There is hope that the second consultation will address the current lack of differentiation between open and closed DB schemes, given that open schemes are likely to have a different investment strategy with a greater risk appetite.

“The fact is that new money and new contributions and members are still coming into a number of DB pension schemes,” Engelbretson says.

Scheme trustees and sponsoring employers can prepare by ensuring they agree on a long-term scheme funding strategy that all stakeholders can buy into.

A new pension scheme known as the collective defined contribution (CDC) scheme is expected to be introduced around the same time as the publication of TPR’s funding code consultation. CDC schemes should come into force on 1 August 2022 and provide members and employers with fixed contribution rates, which are invested collectively, thus pooling investment and longevity risks.

Royal Mail has announced plans to implement its own CDC scheme, known as the Royal Mail Collective Pension Plan, which would make it the first UK company to do so.

Climate change regulations

From 1 October 2022, trustees of new authorised CDCs will be subject to the new Occupational Pension Schemes (Climate Change Governance and Reporting) Regulations 2021, along with trustees of DB schemes with assets of more than £1bn.

The regulations require trustees to identify, manage and disclose in an annual report all climate-related risks and opportunities affecting their pension funds.

In the document known as the Taskforce on Climate-related Financial Disclosures (TCFD) report, trustees are required to disclose information about their pension scheme governance, strategy and risk management, along with their metrics and targets; these should be published within seven months of the end of a scheme year.
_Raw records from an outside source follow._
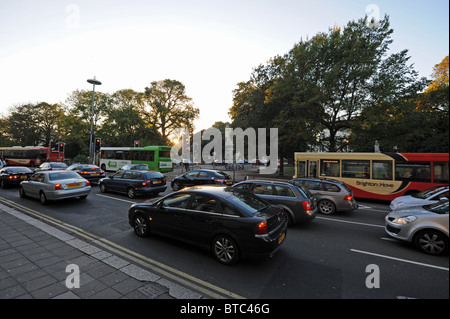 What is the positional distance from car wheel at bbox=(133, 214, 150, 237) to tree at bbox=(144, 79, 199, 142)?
32.9m

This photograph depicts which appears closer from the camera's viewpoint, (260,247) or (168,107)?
(260,247)

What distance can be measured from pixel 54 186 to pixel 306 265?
10060 millimetres

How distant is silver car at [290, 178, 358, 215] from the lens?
8.09m

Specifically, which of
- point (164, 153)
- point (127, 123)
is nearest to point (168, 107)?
point (127, 123)

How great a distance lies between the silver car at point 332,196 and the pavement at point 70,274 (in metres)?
6.80

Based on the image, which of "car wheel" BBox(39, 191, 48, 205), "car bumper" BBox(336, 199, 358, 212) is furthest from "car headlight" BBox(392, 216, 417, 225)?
"car wheel" BBox(39, 191, 48, 205)

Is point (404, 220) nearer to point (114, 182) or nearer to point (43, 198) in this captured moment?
point (114, 182)

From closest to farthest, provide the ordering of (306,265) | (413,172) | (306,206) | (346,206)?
(306,265)
(306,206)
(346,206)
(413,172)

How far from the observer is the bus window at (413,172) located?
9.21 meters

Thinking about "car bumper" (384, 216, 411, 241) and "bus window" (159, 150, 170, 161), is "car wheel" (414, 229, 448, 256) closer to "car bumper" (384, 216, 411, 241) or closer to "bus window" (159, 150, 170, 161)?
"car bumper" (384, 216, 411, 241)

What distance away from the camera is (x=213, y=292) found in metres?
3.46

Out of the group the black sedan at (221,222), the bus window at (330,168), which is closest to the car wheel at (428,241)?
the black sedan at (221,222)

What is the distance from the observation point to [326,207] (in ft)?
27.7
The regulations, which entered force for trustees of larger DB pension schemes with assets of £5bn and above and authorised master trusts on 1 October 2021, are designed to better identify, assess and manage climate risk, which may directly or indirectly affect members’ funds.

Further preparation is required for the phased implementation of pensions dashboards, which will be introduced from April 2023 through to 2026. The dashboards aim to provide savers with access to their multiple pensions savings, including their State Pension, in one place online.
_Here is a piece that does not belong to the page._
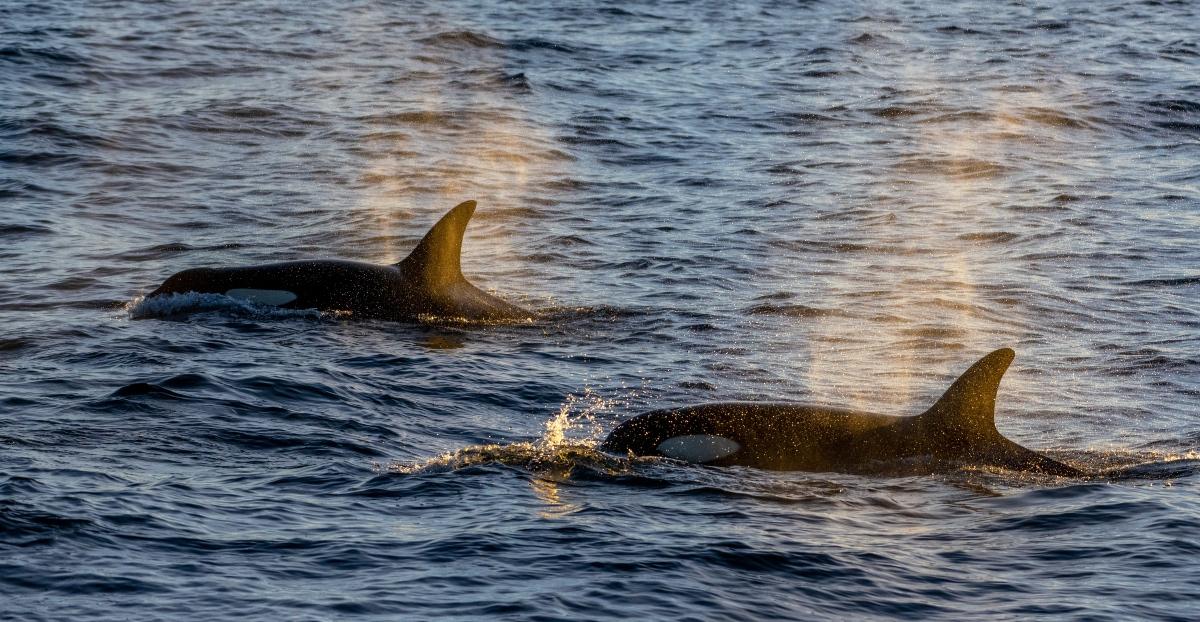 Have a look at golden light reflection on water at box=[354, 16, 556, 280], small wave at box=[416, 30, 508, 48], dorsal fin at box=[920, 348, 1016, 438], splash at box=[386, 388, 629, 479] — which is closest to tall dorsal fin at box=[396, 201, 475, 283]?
golden light reflection on water at box=[354, 16, 556, 280]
This is likely to be welcome news for those involved in debates over the adequacy of savers’ retirement funds amid concerns about the number of companies that have moved from DB to DC pension schemes for their workforce.

“If we’ve got a big cohort coming to retire who can’t afford to retire, I think overall there’s going to be a greater focus again on adequacy, what companies provide and perhaps where the balance should sit between private and personal and state provision,” Evans says.